In the job we create a network at group level in bridge mode. Could that, along with “non-docker” task driver, be the problem?

Thank you

Francesco

gfdsa · August 4, 2020, 6:37pm

[2020-07-28 17:03:00.156][13055][info][main] [external/envoy/source/server/server.cc:606] exiting
cannot bind '127.0.0.1:19001': Cannot assign requested address

Turns out to be a problem with missing loopback interface. I don’t know if this is an intended “feature” but any process (as far as I could test) started with exec isolation, only has eth0 bridged interface visible. Running ifup lo as a prestart hook makes the symptom go away.

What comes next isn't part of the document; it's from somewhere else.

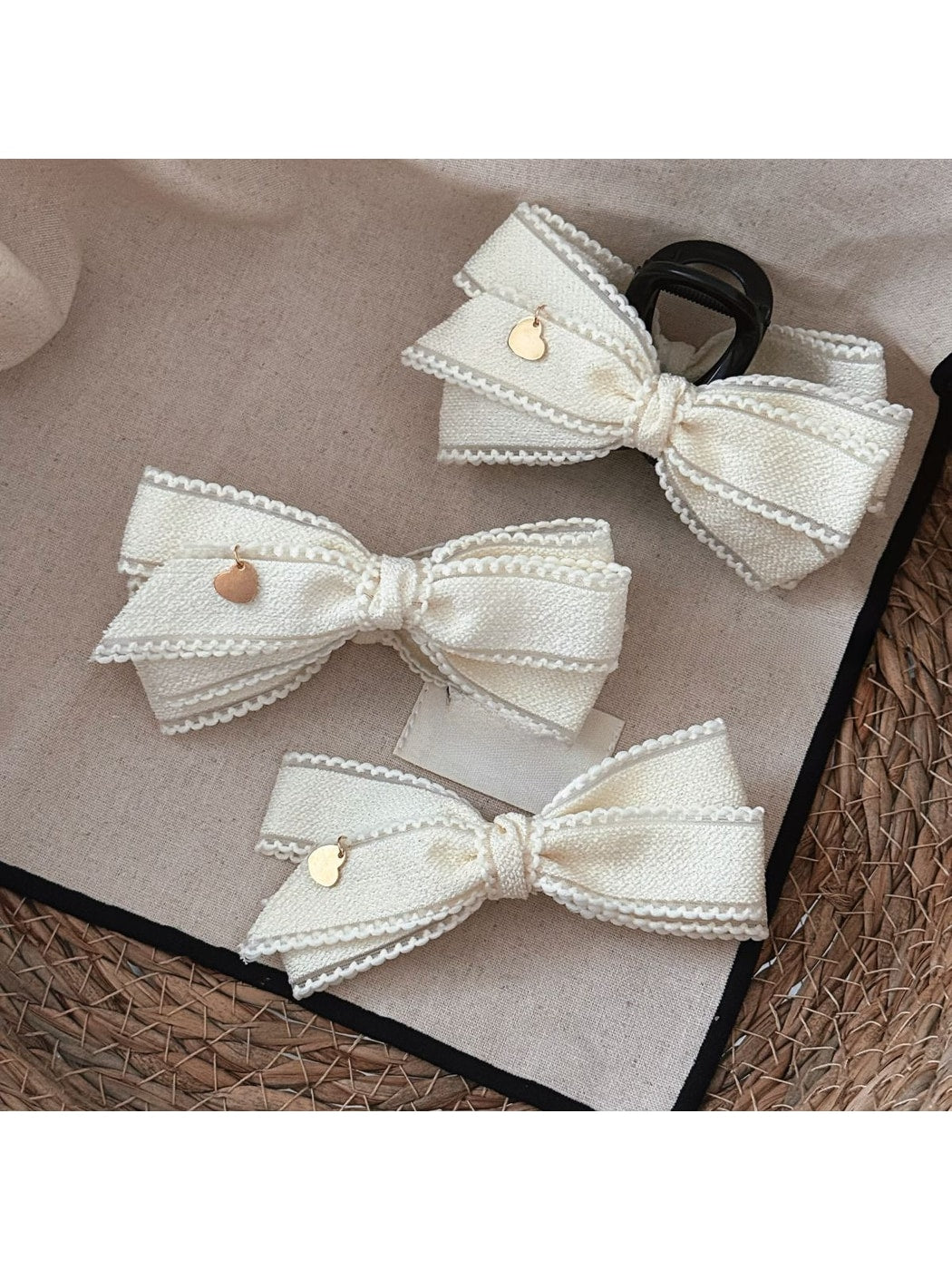 Beau - Sweet Bow Back Hair Styling Hair Clip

jcouvret · August 26, 2020, 8:25pm

Thank you @gfdsa - that was nice find. I would be curious if anyone here from HashiCorp might be able to let us know if this is expected behavior or a bug.

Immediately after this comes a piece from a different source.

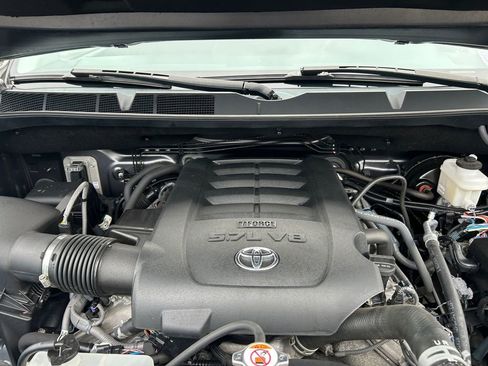 Used 2021 Toyota Tundra SR5 w/ TRD Off-Road Package AWD/4WD image 31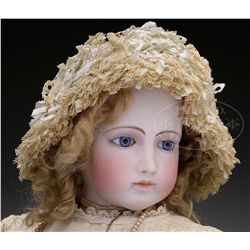 LOVELY LARGE JUMEAU FRENCH FASHION DOLL.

To help anyone else out searching how to do this, this is an example of a portion of the countdash job with no docker required. Based on my testing, it appears that Nomad tasks utilizing Consul Connect cannot be raw_exec. I would be interested if anyone else figures out how to use raw_exec.

job "countdash" {
  datacenters = ["dc1"]

  group "api" {
    network {
      mode = "bridge"
    }

    service {
      name = "count-api"
      port = "9001"

      connect {
        sidecar_service {}
        sidecar_task {
          driver = "exec"
          config {
            command = "/bin/envoy"
            args  = [ "-c", "${NOMAD_SECRETS_DIR}/envoy_bootstrap.json",
                    "-l", "${meta.connect.log_level}" ]
          }
          resources {
            cpu    = 50
            memory = 50
          }
        }
      }
    }

    task "init_lo" {
      driver = "raw_exec"
      user = "root"
      config {
        command = "/usr/sbin/ifup"
        args = ["lo"]
      }
      lifecycle {
        hook    = "prestart"
      }
    }

    task "web" {
      driver = "exec"
      env {
        PORT = "9001"
      }
      config {
        command = "/bin/counting-service"
      }
    }
  }
}

gfdsa · August 27, 2020, 8:18am

Hypothetically there can be use cases when a sidecar proxy is running without isolation. But I wouldn’t feel safe with having no way of authentication of the non-native client running on the same localhost. And the port numbers… Just my two cents.

primeos-work · May 2, 2022, 4:15pm

I’m very late to the party but there’s a confirmed bug report for it now: When running container via containerd-driver plugin in the bridge mode, there is no ip address(127.0.0.1/8) in the lo network · Issue #10014 · hashicorp/nomad · GitHub
(Still no fix for it though, unfortunately.)